EXERCISE BRIEF: Repeat the records below exactly as they appear.

======== GIVEN INFORMATION ========

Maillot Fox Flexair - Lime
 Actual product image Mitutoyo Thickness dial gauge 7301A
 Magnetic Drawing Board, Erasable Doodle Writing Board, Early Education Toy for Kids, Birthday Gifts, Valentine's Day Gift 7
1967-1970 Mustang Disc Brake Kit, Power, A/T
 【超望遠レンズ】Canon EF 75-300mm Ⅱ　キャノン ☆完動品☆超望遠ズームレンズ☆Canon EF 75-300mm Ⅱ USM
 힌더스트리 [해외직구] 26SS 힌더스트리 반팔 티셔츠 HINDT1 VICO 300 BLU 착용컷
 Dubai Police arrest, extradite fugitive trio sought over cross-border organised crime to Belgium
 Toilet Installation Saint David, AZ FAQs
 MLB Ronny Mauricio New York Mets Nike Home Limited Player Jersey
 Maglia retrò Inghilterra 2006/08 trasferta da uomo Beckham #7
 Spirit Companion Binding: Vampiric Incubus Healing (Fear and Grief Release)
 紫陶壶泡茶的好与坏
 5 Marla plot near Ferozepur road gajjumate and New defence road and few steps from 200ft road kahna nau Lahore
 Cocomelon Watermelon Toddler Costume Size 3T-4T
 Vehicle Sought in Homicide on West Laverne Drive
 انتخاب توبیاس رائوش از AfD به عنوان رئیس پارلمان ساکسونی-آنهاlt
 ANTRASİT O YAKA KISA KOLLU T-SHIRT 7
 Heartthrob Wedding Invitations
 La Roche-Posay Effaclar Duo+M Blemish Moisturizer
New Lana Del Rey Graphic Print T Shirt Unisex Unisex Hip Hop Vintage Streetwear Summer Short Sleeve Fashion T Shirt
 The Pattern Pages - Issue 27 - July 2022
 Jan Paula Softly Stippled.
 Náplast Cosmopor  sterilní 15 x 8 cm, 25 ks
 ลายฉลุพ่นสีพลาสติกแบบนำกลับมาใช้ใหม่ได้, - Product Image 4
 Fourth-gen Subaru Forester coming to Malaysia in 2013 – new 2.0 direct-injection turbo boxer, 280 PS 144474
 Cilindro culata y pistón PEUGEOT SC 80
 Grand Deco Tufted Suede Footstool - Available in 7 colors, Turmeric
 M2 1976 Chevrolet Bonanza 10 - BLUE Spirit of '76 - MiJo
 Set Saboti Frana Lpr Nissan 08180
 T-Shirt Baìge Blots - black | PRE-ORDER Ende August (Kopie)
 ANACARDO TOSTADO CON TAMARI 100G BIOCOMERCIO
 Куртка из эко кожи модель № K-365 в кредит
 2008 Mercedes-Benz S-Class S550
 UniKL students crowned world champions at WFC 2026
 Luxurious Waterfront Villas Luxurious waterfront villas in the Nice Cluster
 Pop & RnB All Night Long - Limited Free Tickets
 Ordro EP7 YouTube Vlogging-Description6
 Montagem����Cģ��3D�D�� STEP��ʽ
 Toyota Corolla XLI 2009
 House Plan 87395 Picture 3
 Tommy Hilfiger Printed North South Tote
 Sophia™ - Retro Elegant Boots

========

TASK RESULT:
Maillot Fox Flexair - Lime
 Actual product image Mitutoyo Thickness dial gauge 7301A
 Magnetic Drawing Board, Erasable Doodle Writing Board, Early Education Toy for Kids, Birthday Gifts, Valentine's Day Gift 7
1967-1970 Mustang Disc Brake Kit, Power, A/T
 【超望遠レンズ】Canon EF 75-300mm Ⅱ　キャノン ☆完動品☆超望遠ズームレンズ☆Canon EF 75-300mm Ⅱ USM
 힌더스트리 [해외직구] 26SS 힌더스트리 반팔 티셔츠 HINDT1 VICO 300 BLU 착용컷
 Dubai Police arrest, extradite fugitive trio sought over cross-border organised crime to Belgium
 Toilet Installation Saint David, AZ FAQs
 MLB Ronny Mauricio New York Mets Nike Home Limited Player Jersey
 Maglia retrò Inghilterra 2006/08 trasferta da uomo Beckham #7
 Spirit Companion Binding: Vampiric Incubus Healing (Fear and Grief Release)
 紫陶壶泡茶的好与坏
 5 Marla plot near Ferozepur road gajjumate and New defence road and few steps from 200ft road kahna nau Lahore
 Cocomelon Watermelon Toddler Costume Size 3T-4T
 Vehicle Sought in Homicide on West Laverne Drive
 انتخاب توبیاس رائوش از AfD به عنوان رئیس پارلمان ساکسونی-آنهاlt
 ANTRASİT O YAKA KISA KOLLU T-SHIRT 7
 Heartthrob Wedding Invitations
 La Roche-Posay Effaclar Duo+M Blemish Moisturizer
New Lana Del Rey Graphic Print T Shirt Unisex Unisex Hip Hop Vintage Streetwear Summer Short Sleeve Fashion T Shirt
 The Pattern Pages - Issue 27 - July 2022
 Jan Paula Softly Stippled.
 Náplast Cosmopor  sterilní 15 x 8 cm, 25 ks
 ลายฉลุพ่นสีพลาสติกแบบนำกลับมาใช้ใหม่ได้, - Product Image 4
 Fourth-gen Subaru Forester coming to Malaysia in 2013 – new 2.0 direct-injection turbo boxer, 280 PS 144474
 Cilindro culata y pistón PEUGEOT SC 80
 Grand Deco Tufted Suede Footstool - Available in 7 colors, Turmeric
 M2 1976 Chevrolet Bonanza 10 - BLUE Spirit of '76 - MiJo
 Set Saboti Frana Lpr Nissan 08180
 T-Shirt Baìge Blots - black | PRE-ORDER Ende August (Kopie)
 ANACARDO TOSTADO CON TAMARI 100G BIOCOMERCIO
 Куртка из эко кожи модель № K-365 в кредит
 2008 Mercedes-Benz S-Class S550
 UniKL students crowned world champions at WFC 2026
 Luxurious Waterfront Villas Luxurious waterfront villas in the Nice Cluster
 Pop & RnB All Night Long - Limited Free Tickets
 Ordro EP7 YouTube Vlogging-Description6
 Montagem����Cģ��3D�D�� STEP��ʽ
 Toyota Corolla XLI 2009
 House Plan 87395 Picture 3
 Tommy Hilfiger Printed North South Tote
 Sophia™ - Retro Elegant Boots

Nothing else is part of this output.